MATERIAL PROVIDED:
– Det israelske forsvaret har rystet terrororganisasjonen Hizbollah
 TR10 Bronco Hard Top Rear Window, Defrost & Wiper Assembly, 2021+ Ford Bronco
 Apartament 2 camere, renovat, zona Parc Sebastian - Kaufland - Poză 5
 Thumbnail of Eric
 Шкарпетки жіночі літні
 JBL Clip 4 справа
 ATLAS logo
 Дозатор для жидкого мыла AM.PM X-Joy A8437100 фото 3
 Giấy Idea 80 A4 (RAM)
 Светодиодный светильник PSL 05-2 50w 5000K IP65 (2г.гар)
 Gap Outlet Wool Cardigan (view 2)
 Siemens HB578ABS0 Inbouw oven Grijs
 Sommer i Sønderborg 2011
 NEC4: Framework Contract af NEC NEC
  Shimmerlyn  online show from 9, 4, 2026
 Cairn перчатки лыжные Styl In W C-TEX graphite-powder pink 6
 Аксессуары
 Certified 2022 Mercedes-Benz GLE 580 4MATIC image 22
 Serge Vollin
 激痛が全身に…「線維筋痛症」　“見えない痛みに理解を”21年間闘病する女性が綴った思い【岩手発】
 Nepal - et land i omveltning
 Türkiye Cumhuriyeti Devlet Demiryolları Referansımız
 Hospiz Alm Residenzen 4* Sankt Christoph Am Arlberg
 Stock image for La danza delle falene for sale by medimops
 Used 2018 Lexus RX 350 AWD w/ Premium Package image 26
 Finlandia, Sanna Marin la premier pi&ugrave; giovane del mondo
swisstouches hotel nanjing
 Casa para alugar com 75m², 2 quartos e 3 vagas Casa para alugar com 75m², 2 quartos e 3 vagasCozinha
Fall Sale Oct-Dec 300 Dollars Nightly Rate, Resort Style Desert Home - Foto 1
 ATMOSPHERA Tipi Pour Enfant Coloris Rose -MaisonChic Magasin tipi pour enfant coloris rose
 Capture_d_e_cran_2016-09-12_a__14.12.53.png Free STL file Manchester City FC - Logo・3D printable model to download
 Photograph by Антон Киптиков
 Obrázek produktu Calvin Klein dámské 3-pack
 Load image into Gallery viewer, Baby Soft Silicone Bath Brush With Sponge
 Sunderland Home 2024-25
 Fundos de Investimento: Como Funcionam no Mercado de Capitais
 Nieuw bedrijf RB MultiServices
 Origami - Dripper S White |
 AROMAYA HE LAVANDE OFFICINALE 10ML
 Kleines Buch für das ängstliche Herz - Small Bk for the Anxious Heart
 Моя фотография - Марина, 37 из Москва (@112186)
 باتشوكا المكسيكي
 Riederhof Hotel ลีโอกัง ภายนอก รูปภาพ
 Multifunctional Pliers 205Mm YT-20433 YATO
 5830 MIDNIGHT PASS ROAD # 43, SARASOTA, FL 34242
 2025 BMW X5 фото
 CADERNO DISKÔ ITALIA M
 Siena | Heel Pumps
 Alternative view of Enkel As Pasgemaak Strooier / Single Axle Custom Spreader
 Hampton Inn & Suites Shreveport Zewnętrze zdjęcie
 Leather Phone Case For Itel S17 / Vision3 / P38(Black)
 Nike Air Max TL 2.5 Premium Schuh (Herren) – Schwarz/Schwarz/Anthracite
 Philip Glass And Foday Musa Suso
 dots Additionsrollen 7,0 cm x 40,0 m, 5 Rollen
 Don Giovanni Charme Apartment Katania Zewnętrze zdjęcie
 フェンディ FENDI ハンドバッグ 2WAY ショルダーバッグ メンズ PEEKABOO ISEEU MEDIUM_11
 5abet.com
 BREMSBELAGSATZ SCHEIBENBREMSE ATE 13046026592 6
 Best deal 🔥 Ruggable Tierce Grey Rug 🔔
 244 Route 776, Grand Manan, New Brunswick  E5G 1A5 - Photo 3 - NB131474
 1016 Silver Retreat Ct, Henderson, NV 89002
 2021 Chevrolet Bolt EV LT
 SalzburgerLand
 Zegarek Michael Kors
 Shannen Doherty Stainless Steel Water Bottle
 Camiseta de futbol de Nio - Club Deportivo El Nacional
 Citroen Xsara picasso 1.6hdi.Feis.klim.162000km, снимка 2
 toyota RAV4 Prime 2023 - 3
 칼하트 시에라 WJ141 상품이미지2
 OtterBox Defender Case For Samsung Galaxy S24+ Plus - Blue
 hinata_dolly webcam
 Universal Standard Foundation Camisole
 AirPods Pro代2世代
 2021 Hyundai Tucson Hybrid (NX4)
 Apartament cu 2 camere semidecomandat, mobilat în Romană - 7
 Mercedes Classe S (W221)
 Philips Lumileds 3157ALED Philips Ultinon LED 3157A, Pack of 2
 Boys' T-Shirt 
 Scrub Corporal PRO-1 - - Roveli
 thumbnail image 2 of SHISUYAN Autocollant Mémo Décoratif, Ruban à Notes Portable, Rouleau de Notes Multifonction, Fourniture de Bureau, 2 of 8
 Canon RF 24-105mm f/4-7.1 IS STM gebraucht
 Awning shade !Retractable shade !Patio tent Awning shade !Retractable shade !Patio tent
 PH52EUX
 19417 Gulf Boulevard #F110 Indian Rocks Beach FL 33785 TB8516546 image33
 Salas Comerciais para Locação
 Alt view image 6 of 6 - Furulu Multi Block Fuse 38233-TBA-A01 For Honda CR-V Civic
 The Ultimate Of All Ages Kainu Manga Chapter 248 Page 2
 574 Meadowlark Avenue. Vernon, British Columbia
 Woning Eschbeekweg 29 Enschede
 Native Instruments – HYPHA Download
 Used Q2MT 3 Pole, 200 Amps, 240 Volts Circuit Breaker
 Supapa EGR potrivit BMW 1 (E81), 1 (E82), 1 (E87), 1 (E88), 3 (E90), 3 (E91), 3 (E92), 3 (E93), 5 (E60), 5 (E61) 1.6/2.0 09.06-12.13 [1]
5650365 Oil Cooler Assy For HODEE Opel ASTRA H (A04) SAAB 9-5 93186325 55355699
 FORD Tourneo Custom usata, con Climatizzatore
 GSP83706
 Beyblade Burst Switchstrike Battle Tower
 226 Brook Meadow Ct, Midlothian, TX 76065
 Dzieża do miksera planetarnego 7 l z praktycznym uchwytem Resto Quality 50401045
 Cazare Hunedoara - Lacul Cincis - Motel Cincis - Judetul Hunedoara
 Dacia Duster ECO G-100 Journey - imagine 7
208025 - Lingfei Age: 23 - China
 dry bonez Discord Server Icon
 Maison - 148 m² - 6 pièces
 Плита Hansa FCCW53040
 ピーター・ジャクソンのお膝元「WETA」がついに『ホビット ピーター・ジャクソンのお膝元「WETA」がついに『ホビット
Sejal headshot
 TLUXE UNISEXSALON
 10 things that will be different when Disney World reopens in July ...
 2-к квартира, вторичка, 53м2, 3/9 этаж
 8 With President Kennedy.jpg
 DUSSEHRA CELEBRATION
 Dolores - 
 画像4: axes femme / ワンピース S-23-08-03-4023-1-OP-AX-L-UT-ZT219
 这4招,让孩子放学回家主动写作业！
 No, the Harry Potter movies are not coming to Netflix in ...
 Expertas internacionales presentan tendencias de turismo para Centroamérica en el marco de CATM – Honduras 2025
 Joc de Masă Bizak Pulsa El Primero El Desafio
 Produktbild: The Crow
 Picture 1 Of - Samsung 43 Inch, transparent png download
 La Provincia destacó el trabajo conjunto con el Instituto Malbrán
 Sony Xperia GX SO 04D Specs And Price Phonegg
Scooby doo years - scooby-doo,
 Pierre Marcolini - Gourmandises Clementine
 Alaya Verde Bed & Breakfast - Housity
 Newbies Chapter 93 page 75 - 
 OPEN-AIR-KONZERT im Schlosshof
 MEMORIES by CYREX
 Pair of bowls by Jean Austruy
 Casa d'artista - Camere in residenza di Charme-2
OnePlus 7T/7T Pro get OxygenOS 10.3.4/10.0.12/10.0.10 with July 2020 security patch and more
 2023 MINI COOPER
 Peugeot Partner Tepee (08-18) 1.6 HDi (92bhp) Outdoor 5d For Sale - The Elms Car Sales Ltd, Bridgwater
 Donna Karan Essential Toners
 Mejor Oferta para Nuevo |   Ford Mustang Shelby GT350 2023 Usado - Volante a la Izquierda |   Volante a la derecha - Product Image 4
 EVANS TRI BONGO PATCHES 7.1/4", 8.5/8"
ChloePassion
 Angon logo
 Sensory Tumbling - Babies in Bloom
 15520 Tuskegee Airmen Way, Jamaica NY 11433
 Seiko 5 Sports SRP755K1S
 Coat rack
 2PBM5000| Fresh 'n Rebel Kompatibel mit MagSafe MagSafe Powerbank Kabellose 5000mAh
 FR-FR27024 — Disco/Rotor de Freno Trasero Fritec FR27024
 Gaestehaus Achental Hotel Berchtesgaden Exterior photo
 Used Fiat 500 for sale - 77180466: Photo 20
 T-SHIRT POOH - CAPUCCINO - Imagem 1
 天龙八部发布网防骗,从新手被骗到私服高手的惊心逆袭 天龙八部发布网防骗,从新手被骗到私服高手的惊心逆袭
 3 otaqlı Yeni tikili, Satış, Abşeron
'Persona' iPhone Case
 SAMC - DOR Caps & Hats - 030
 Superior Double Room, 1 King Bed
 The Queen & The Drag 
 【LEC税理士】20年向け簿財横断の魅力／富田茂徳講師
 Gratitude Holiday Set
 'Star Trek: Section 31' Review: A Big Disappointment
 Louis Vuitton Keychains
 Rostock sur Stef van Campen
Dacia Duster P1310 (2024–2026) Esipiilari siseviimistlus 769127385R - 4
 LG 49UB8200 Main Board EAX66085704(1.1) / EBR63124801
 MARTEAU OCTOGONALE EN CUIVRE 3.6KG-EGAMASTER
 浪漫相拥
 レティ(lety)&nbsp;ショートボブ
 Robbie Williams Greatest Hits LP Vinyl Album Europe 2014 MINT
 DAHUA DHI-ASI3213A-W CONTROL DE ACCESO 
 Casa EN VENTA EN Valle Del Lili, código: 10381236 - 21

ACTION ITEM: Word for word, please print every line from the beginning of the records to the line bearing "Finlandia, Sanna Marin", counting both ends and stopping there.

EXERCISE RESPONSE:
– Det israelske forsvaret har rystet terrororganisasjonen Hizbollah
 TR10 Bronco Hard Top Rear Window, Defrost & Wiper Assembly, 2021+ Ford Bronco
 Apartament 2 camere, renovat, zona Parc Sebastian - Kaufland - Poză 5
 Thumbnail of Eric
 Шкарпетки жіночі літні
 JBL Clip 4 справа
 ATLAS logo
 Дозатор для жидкого мыла AM.PM X-Joy A8437100 фото 3
 Giấy Idea 80 A4 (RAM)
 Светодиодный светильник PSL 05-2 50w 5000K IP65 (2г.гар)
 Gap Outlet Wool Cardigan (view 2)
 Siemens HB578ABS0 Inbouw oven Grijs
 Sommer i Sønderborg 2011
 NEC4: Framework Contract af NEC NEC
  Shimmerlyn  online show from 9, 4, 2026
 Cairn перчатки лыжные Styl In W C-TEX graphite-powder pink 6
 Аксессуары
 Certified 2022 Mercedes-Benz GLE 580 4MATIC image 22
 Serge Vollin
 激痛が全身に…「線維筋痛症」　“見えない痛みに理解を”21年間闘病する女性が綴った思い【岩手発】
 Nepal - et land i omveltning
 Türkiye Cumhuriyeti Devlet Demiryolları Referansımız
 Hospiz Alm Residenzen 4* Sankt Christoph Am Arlberg
 Stock image for La danza delle falene for sale by medimops
 Used 2018 Lexus RX 350 AWD w/ Premium Package image 26
 Finlandia, Sanna Marin la premier pi&ugrave; giovane del mondo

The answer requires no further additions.